A National Asthma Programme was undertaken in Finland from 1994 to 2004 to improve asthma care and prevent an increase in costs. The main goal was to lessen the burden of asthma to individuals and society.
The action programme focused on implementation of new knowledge, especially for primary care. The main premise underpinning the campaign was that asthma is an inflammatory disease and requires anti-inflammatory treatment from the outset. The key for implementation was an effective network of asthma-responsible professionals and development of a post hoc evaluation strategy. In 1997 Finnish pharmacies were included in the Pharmacy Programme and in 2002 a Childhood Asthma mini-Programme was launched.

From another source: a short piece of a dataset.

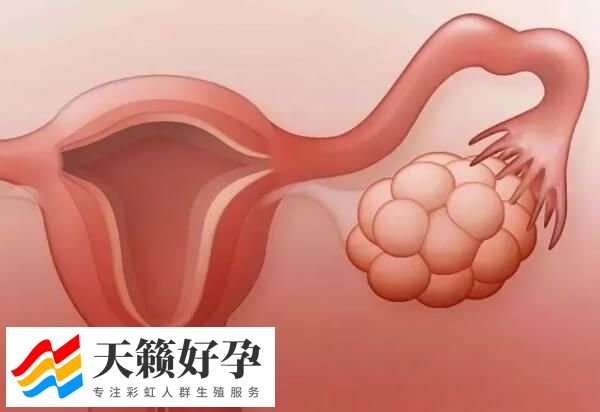 多囊导致排卵障碍不孕，这3大症状可判断(图2)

The incidence of asthma is still increasing, but the burden of asthma has decreased considerably. The number of hospital days has fallen by 54% from 110 000 in 1993 to 51 000 in 2003, 69% in relation to the number of asthmatics (n = 135 363 and 207 757, respectively), with the trend still downwards. In 1993, 7212 patients of working age (9% of 80 133 asthmatics) received a disability pension from the Social Insurance Institution compared with 1741 in 2003 (1.5% of 116 067 asthmatics). The absolute decrease was 76%, and 83% in relation to the number of asthmatics. The increase in the cost of asthma (compensation for disability, drugs, hospital care, and outpatient doctor visits) ended: in 1993 the costs were 218 million euro which had fallen to 213.5 million euro in 2003. Costs per patient per year have decreased 36% (from 1611 euro to 1031 euro).
It is possible to reduce the morbidity of asthma and its impact on individuals as well as on society. Improvements would have taken place without the programme, but not of this magnitude.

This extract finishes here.